Task to carry out: Copy the records below, from the line containing "NIKE DUNK LOW SP PLUM 【週末価格!早いもの勝ち。即購入可】" through the last line; leave out pictures.
──────── Excerpted data
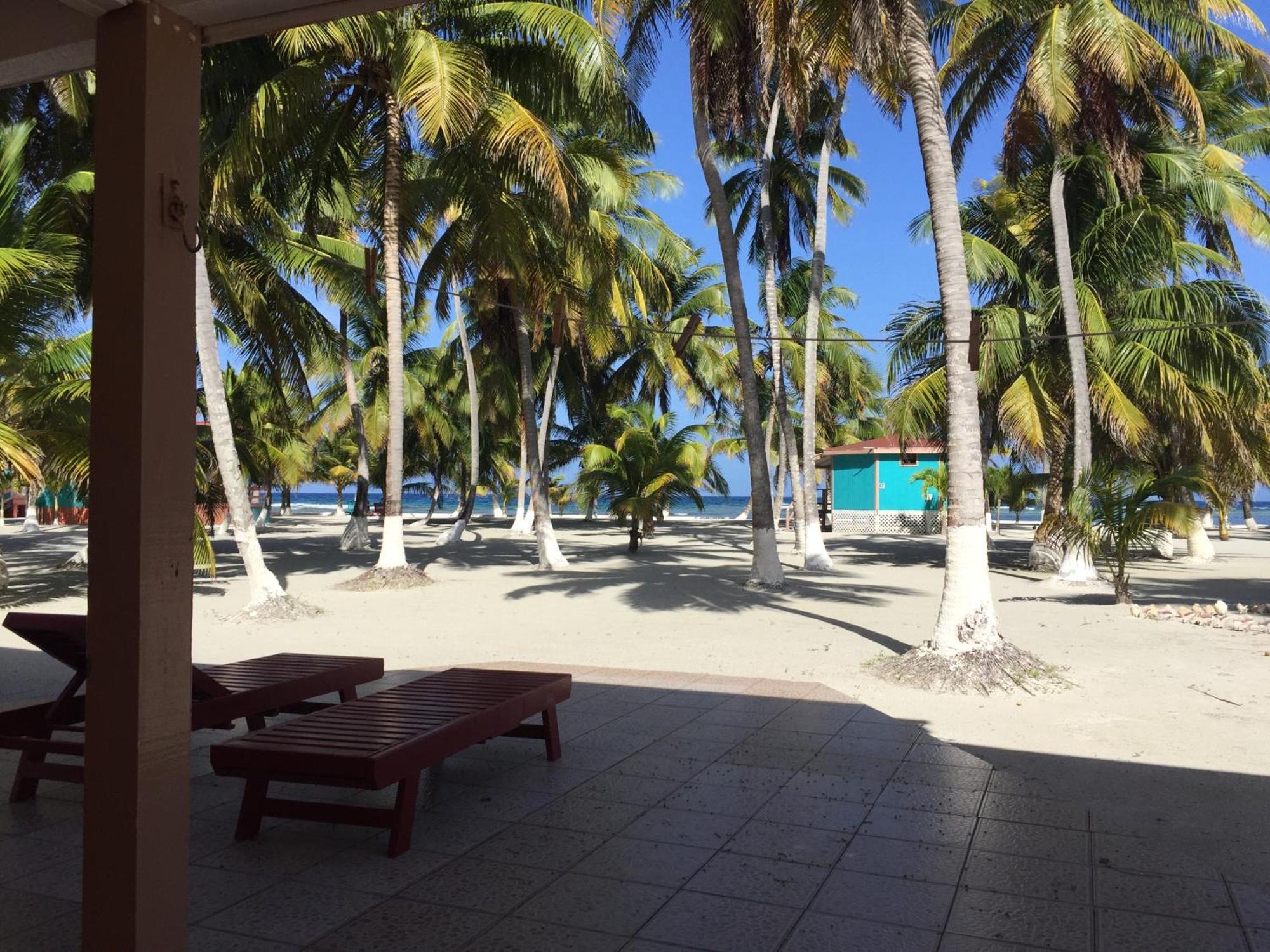 Blue Marlin Beach Resort Dangriga Zewnętrze zdjęcie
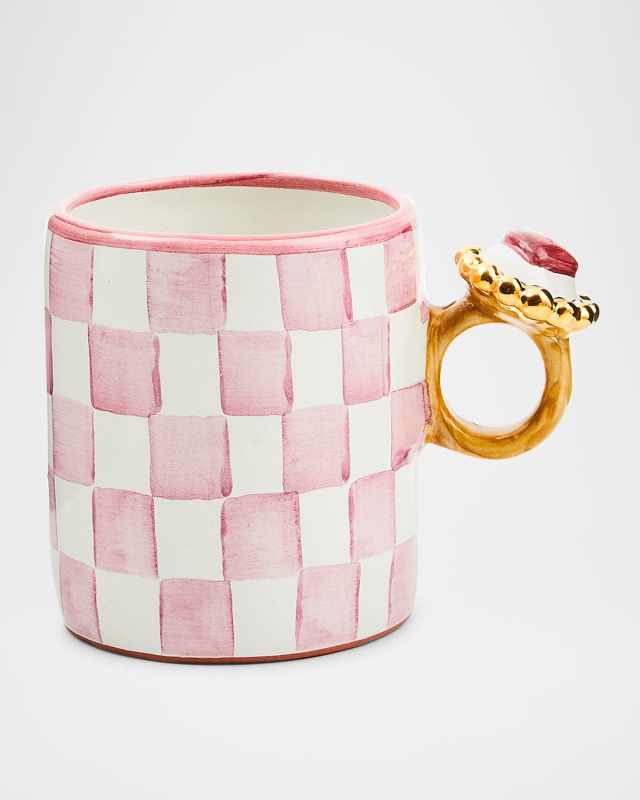 Collector's Series Love Ring Mug, 16 oz.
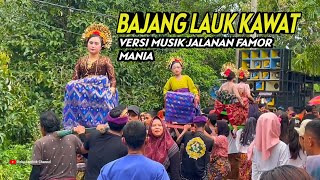BAJANG LAUK KAWAT - FAMOR MANIA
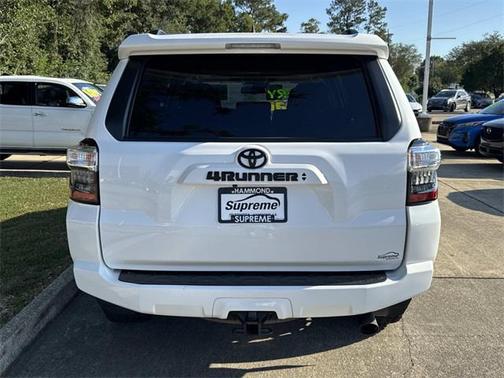 2023 Toyota 4Runner SR5 Premium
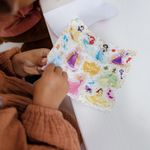 Carti si Birotica - Rechizite - Abtibilduri - Set abtibilduri cu printese Disney - Infinity.ro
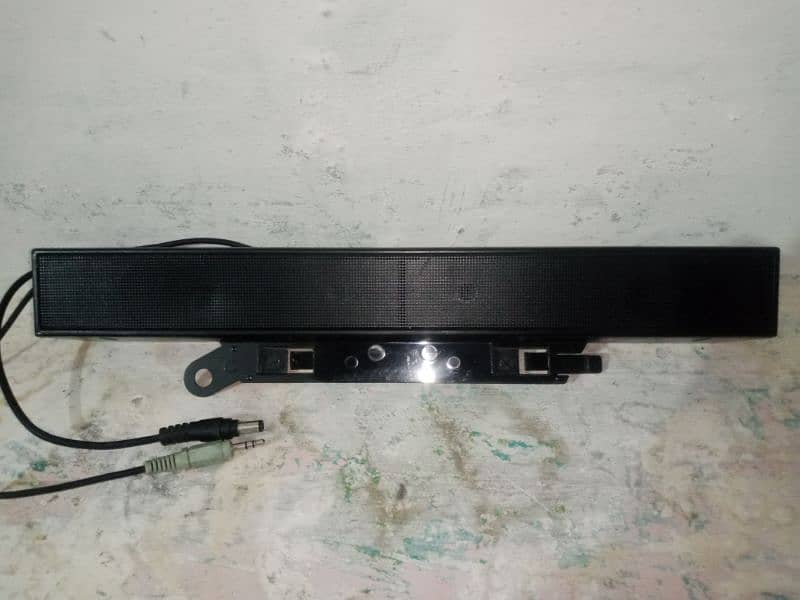 Dell multimedia speaker 0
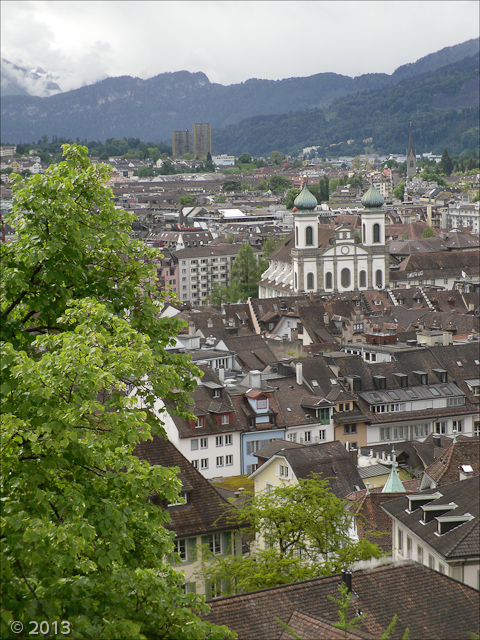 Luzern, Switzerland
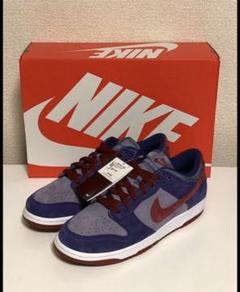 NIKE DUNK LOW SP PLUM 【週末価格!早いもの勝ち。即購入可】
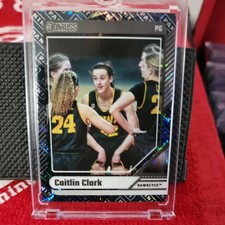 2024 Panini Caitlin Clark Collection #2 Panini Icollect Exclusive (RC)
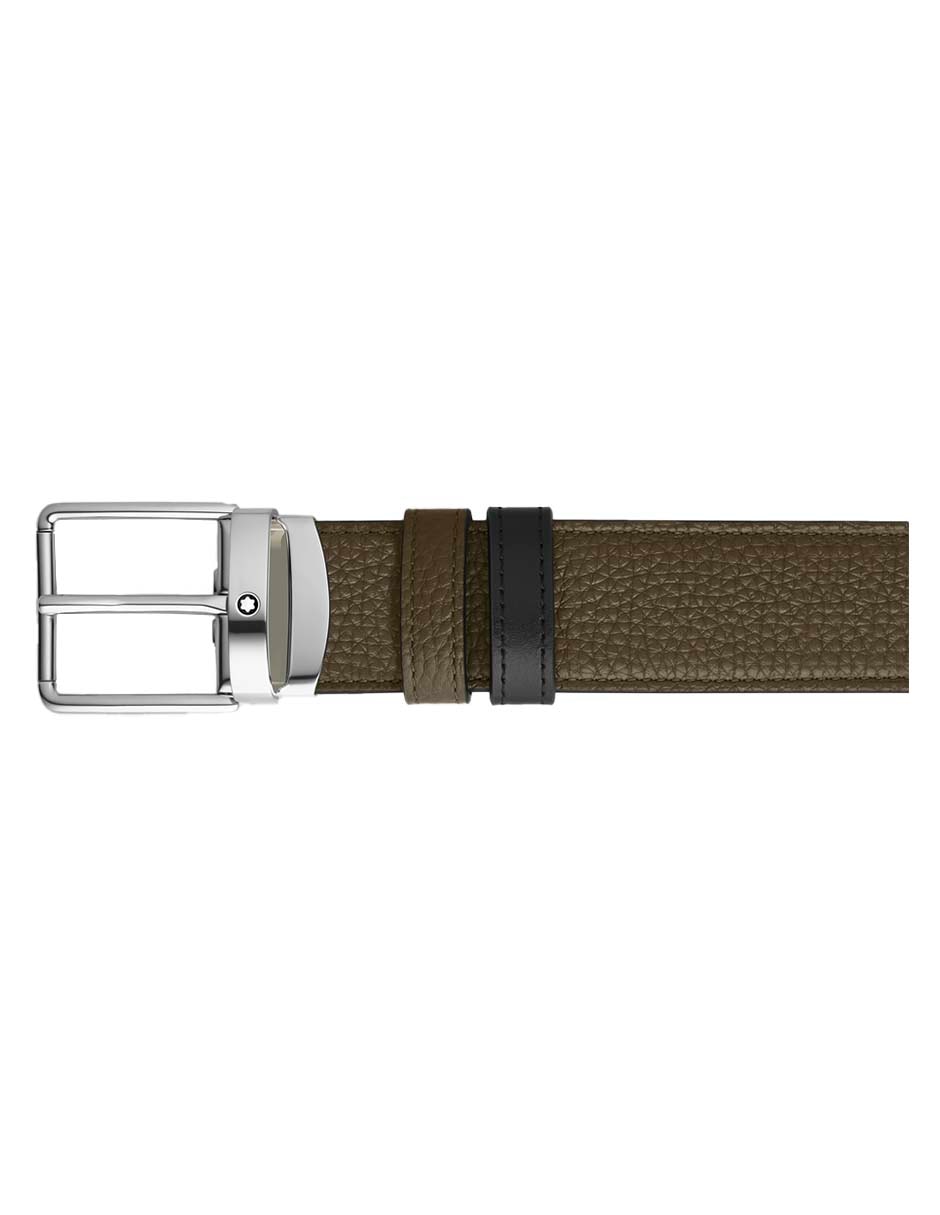 Cinturón de piel para hombre 2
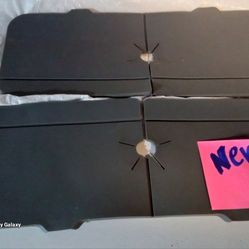 2 NEW SINK SPLASH GUARDS  $5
────────────────
Exercise answer:
 NIKE DUNK LOW SP PLUM 【週末価格!早いもの勝ち。即購入可】
 2024 Panini Caitlin Clark Collection #2 Panini Icollect Exclusive (RC)
 Cinturón de piel para hombre 2
 2 NEW SINK SPLASH GUARDS  $5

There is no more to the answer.